The most evil corporation in the world would just dump the waste into the river as it was created. Even that would be better overall than saving it up for years and years to dump it all at once.
The EPA has done a thorough internal investigation and have concluded that they are not guilty of any wrongdoing. Whew! That was a close one! Nothing to see here. Move along.
Originally posted by Formula88: The most evil corporation in the world would just dump the waste into the river as it was created. Even that would be better overall than saving it up for years and years to dump it all at once.
So you're talking about one mine and one river system. What about every mine like this dumping the waste, one day's amount at a time, every 24 hours, as a standard way of operating?
My point is that abolishing the EPA isn't an option. And the way that some posts are worded, it makes me think that some people have that idea in the back (or front) of their mind.
It seems like a no-brainer that a single massive release like this is more damaging than a drop-by-drop scenario, but the long term tradeoffs between the two scenarios may not be as totally one-sided as it looks to the naked eye.
I wonder if the EPA can levy a "dumping" fine on the EPA?
[This message has been edited by rinselberg (edited 08-11-2015).]
My point is that abolishing the EPA isn't an option. And the way that some posts are worded, it makes me think that some people have that idea in the back (or front) of their mind.
That is because your blanket statement that something simply "ISN'T an option"is absurd on the face of it and rational thinking adults recognize that.
It isn't an option in your mind only because a Leftist's view of the solution to almost *any* problem is always GOVERNMENT. A Leftist's view of any failure of government is also always MORE government. In the mind of the childlike Leftist, Capitalism is *always* evil and out to destroy it's own customers and Big Government is the loving, protecting "mother".

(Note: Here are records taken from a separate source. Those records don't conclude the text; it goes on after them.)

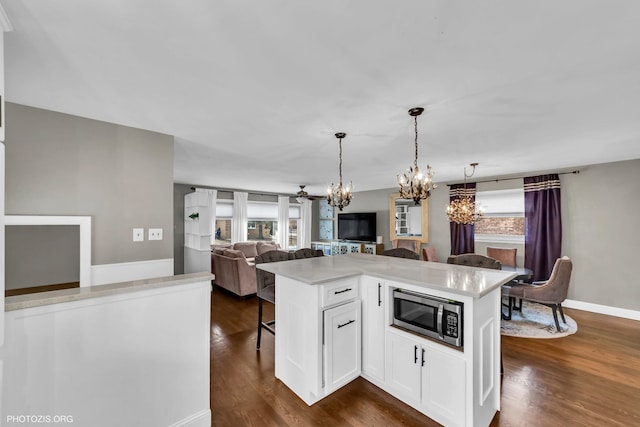 kitchen featuring dark hardwood / wood-style floors, white cabinetry, a kitchen bar, a center island, and an inviting chandelier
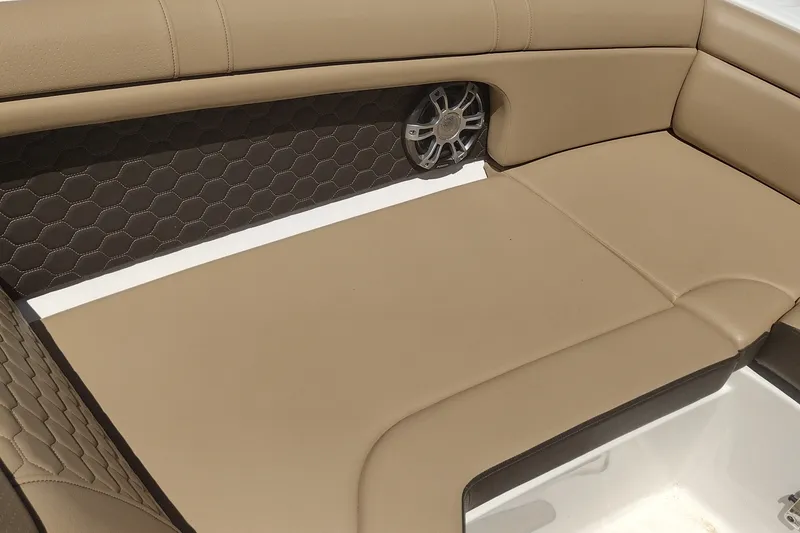 Slide: The Image of Luxurious tan seating on 2023 Sea Ray SDX 270 boat, featuring stylish hexagonal pattern. - 22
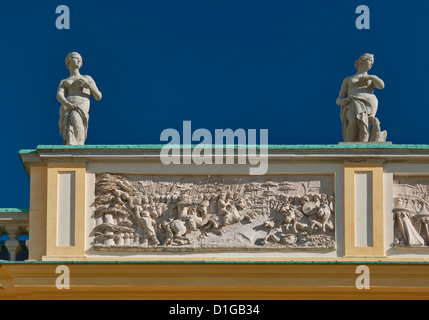 Battle of Vienna (1683) bas relief scenes, statues of ancient goddesses at attic on alcove tower, Wilanów Palace, Warsaw, Poland Stock Photo
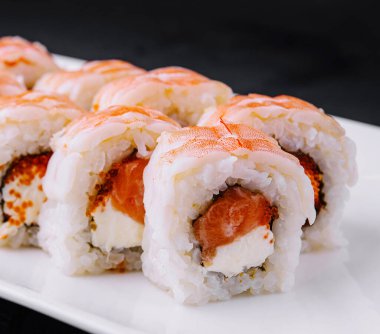 Beyaz bir tabakta somon ve pirinçli nefis suşi ruloları, siyah bir fona karşı.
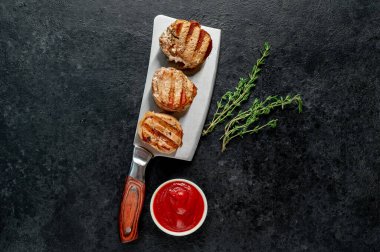 Soslu ızgara et ve siyah taşlı arka planda baharatlar. en üstteki görünüm.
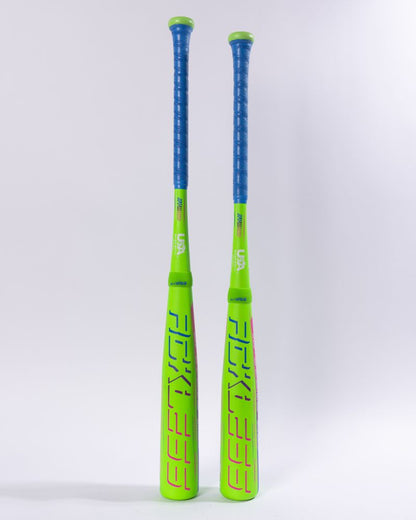 Two neon green Marucci RCKLESS Gen 2 Hybrid (-8) baseball bats with blue grips stand upright side by side against a plain white background. Featuring Ring-Free Barrel Construction, these Marucci bats display bold graphics and branding—highlighted in vibrant pink and black text—along their barrels.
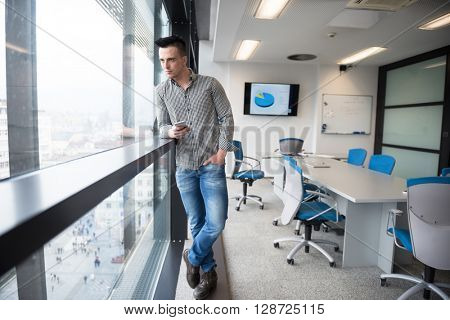 relaxed young businessman using smart phone at modern startup business office meeting room  with big window and city in backgronud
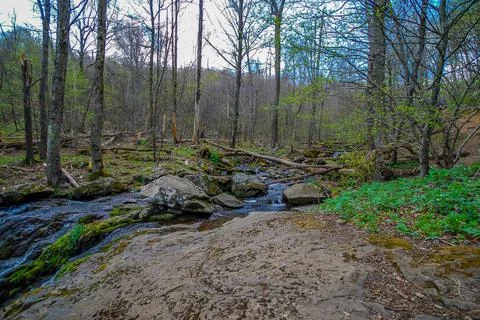 Side view of a beautiful small waterfall and pool in the mountains Stock Photos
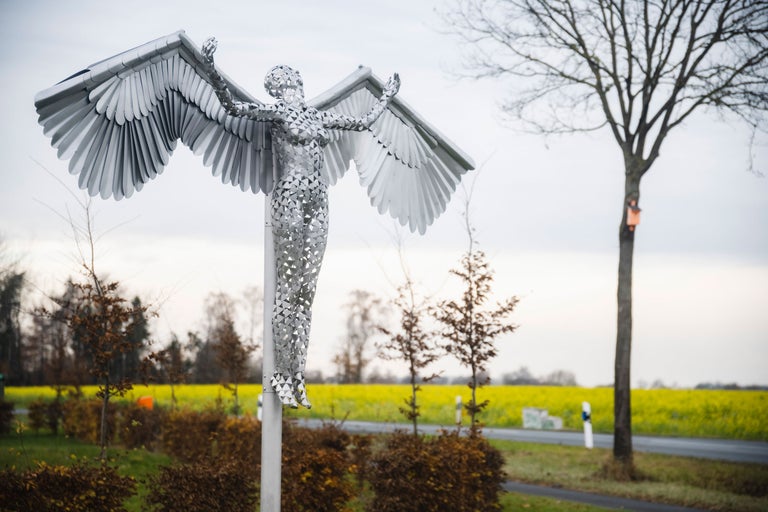 Skulptur einer geflügelten Frau aus Metall im Außenbereich
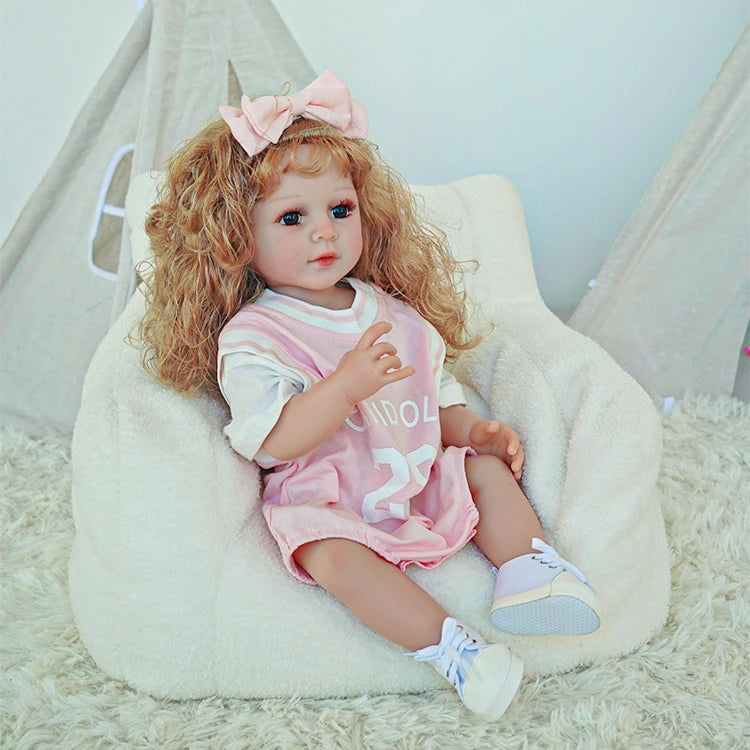 Reborn toddler doll sitting comfortably with a pink dress and bow, her legs extended on a soft surface.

You simply cannot conceive of anything else:
quote
Originally posted by rinselberg:
And if there were no EPA, would the individual states be doing a better job of regulating the mines? Would anyone be doing that job? The mine owners themselves or some kind of mine owner's benevolent association?
The inmates running the asylum is better than no one running the asylum.
[This message has been edited by randye (edited 08-11-2015).]
The EPA has done a thorough internal investigation and have concluded that they are not guilty of any wrongdoing. Whew! That was a close one! Nothing to see here. Move along.
If you think that was "fun" just wait to see if the "Progressives" get their way and we get single payer health care shoved down our throats. What do think is going to happen when the Gooberment, (FDA), "investigates" problems, or deaths within it's own healthcare?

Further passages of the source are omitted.